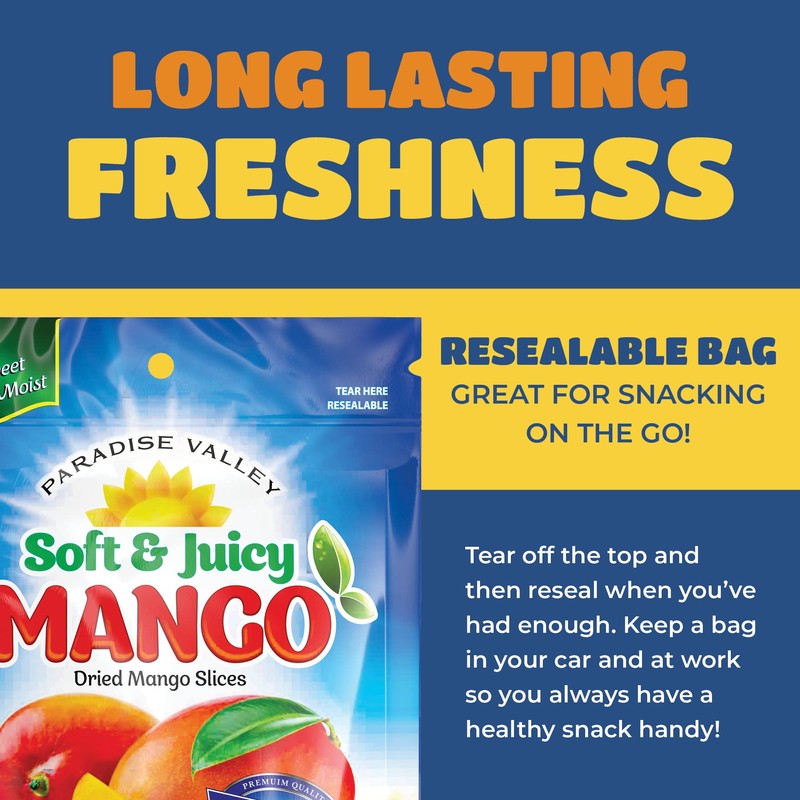 Dried Mango Slices - Delicious Texture Soft & Juicy Low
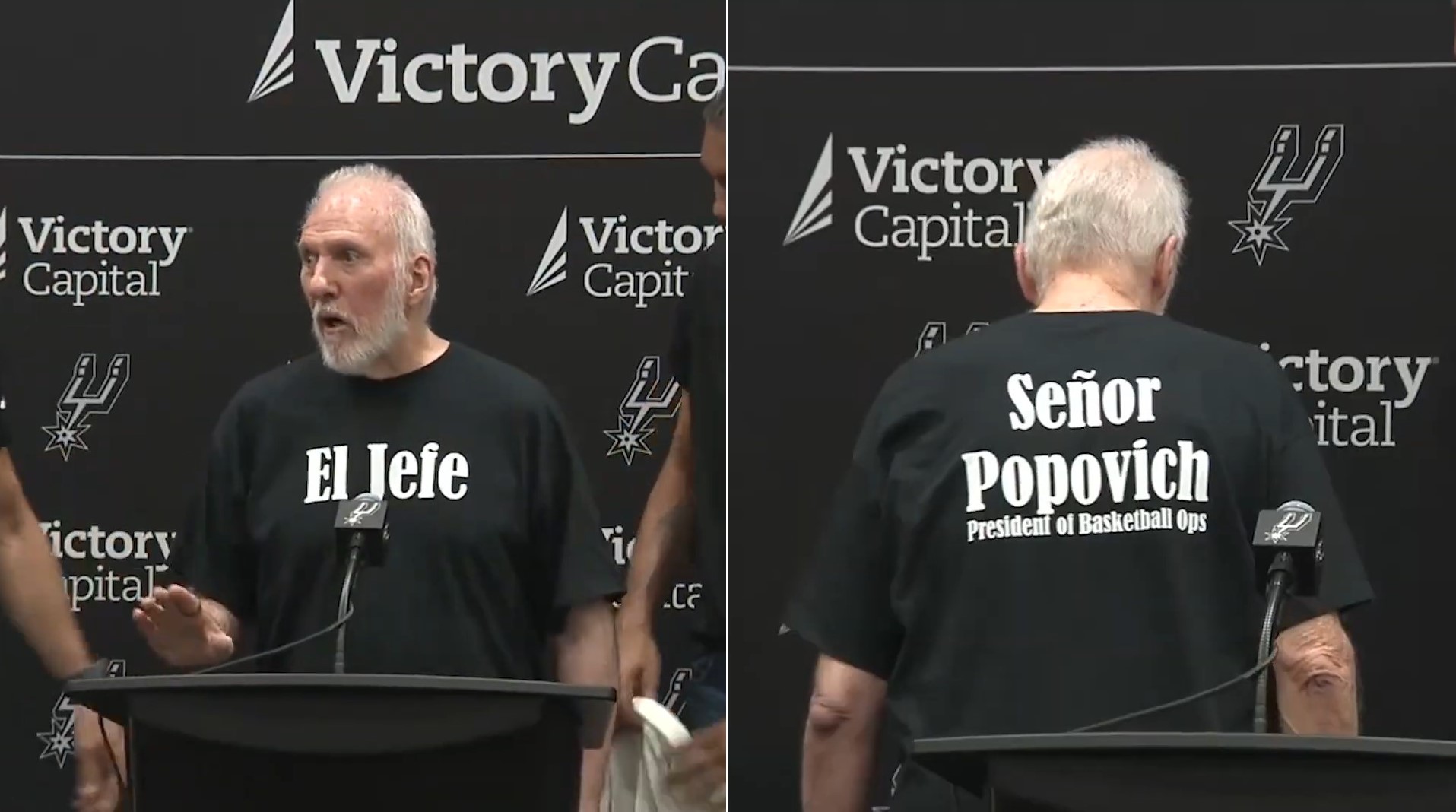 “I'm no longer coach, I'm El Jefe”: Gregg Popovich passes the torch to Mitch Johnson with a wink and a smile.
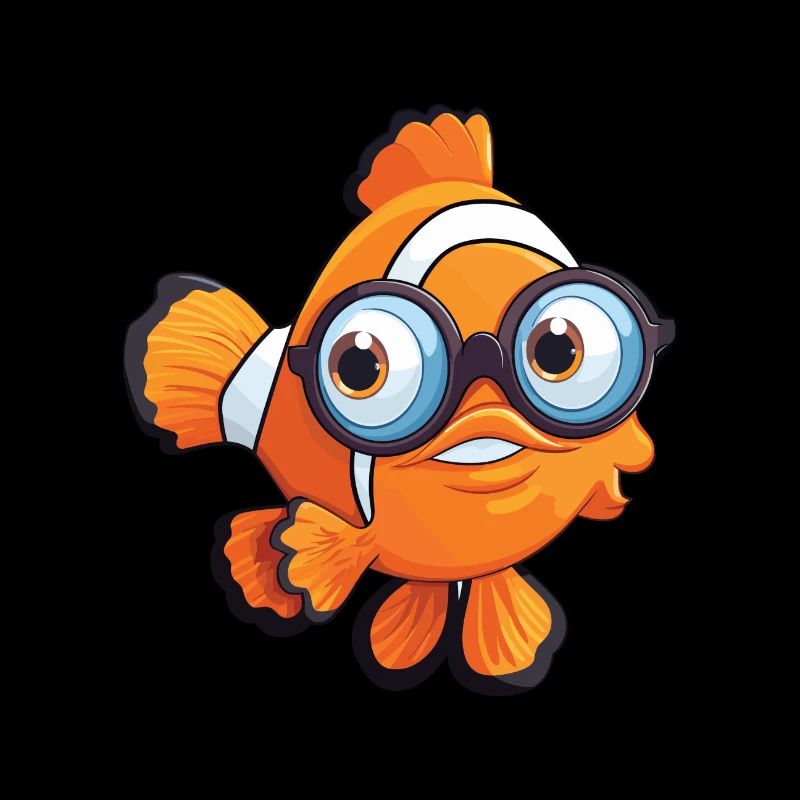 Clownfisch mit Brille Cartoon Kawaii Illustration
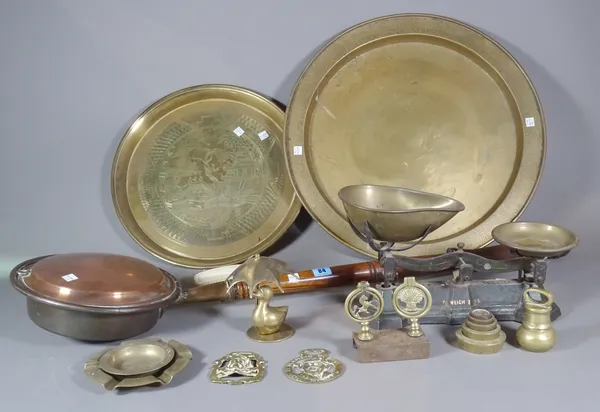 Brassware, including; two circular trays, a warming pan, a set of scales and sundry, (qty).    S1M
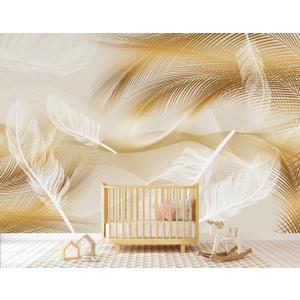 Gold and White Feather Wallpaper for Living Room BedroomNot Peel and Stick (160" x 106", Cybh-944)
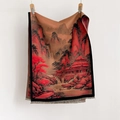 Winter faux cashmere scarf featuring a traditional Chinese landscape painting with tassels - 180*65cm / Brown (YH-10)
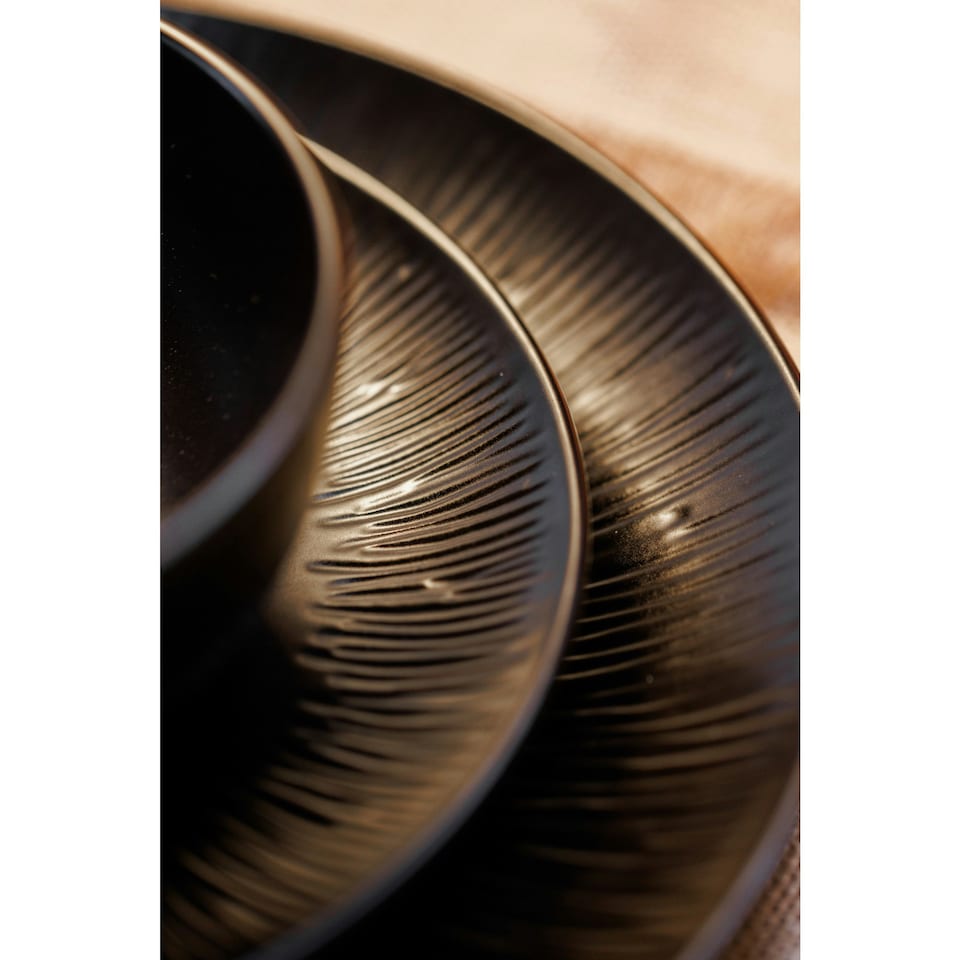 image 1 of Mikasa Dinner Set Black Ceramic 12 Piece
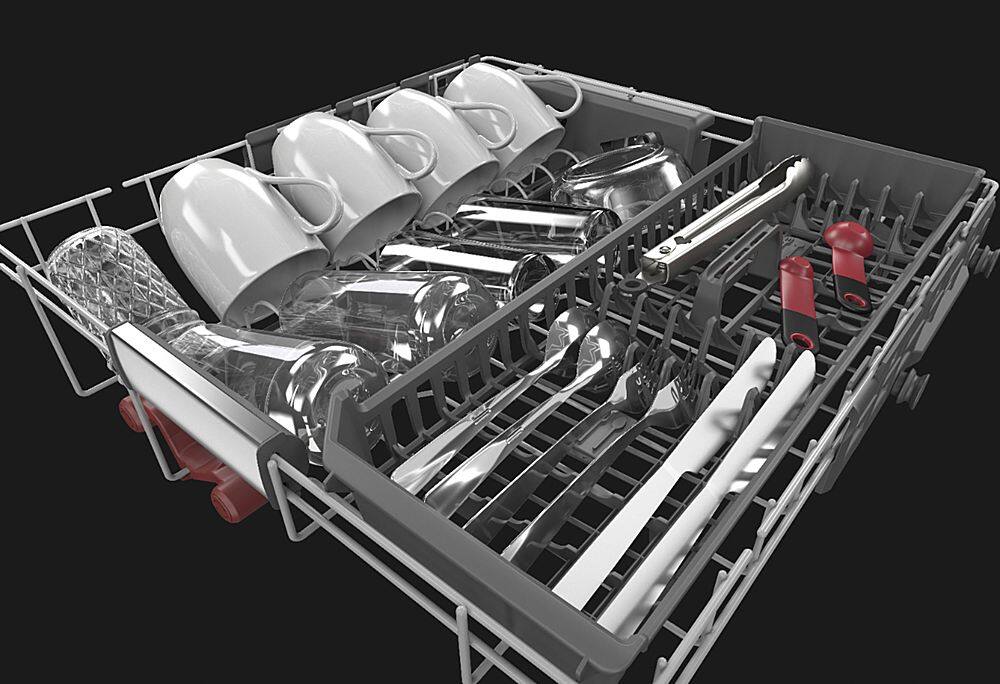 Alt View 20. KitchenAid - Front Control Built-In Dishwasher with Stainless Steel Tub, FreeFlex Third Rack, 44dBA - Black Stainless with PrintShield Finish.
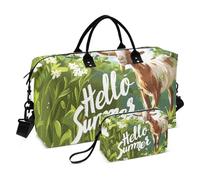 Borsone da viaggio con capra sul verde, borsa da palestra con borsa portaoggetti, borsa per la notte, per uomini e donne, viaggi, sport, yoga, Multicolore, Taglia unica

------------------------------

→ TASK DIRECTIONS
No pictures belong in the answer, only the lines from the top of the listing through the line containing "Clownfisch mit Brille", repeated word for word.

→ REPLY
 Dried Mango Slices - Delicious Texture Soft & Juicy Low
 “I'm no longer coach, I'm El Jefe”: Gregg Popovich passes the torch to Mitch Johnson with a wink and a smile.
 Clownfisch mit Brille Cartoon Kawaii Illustration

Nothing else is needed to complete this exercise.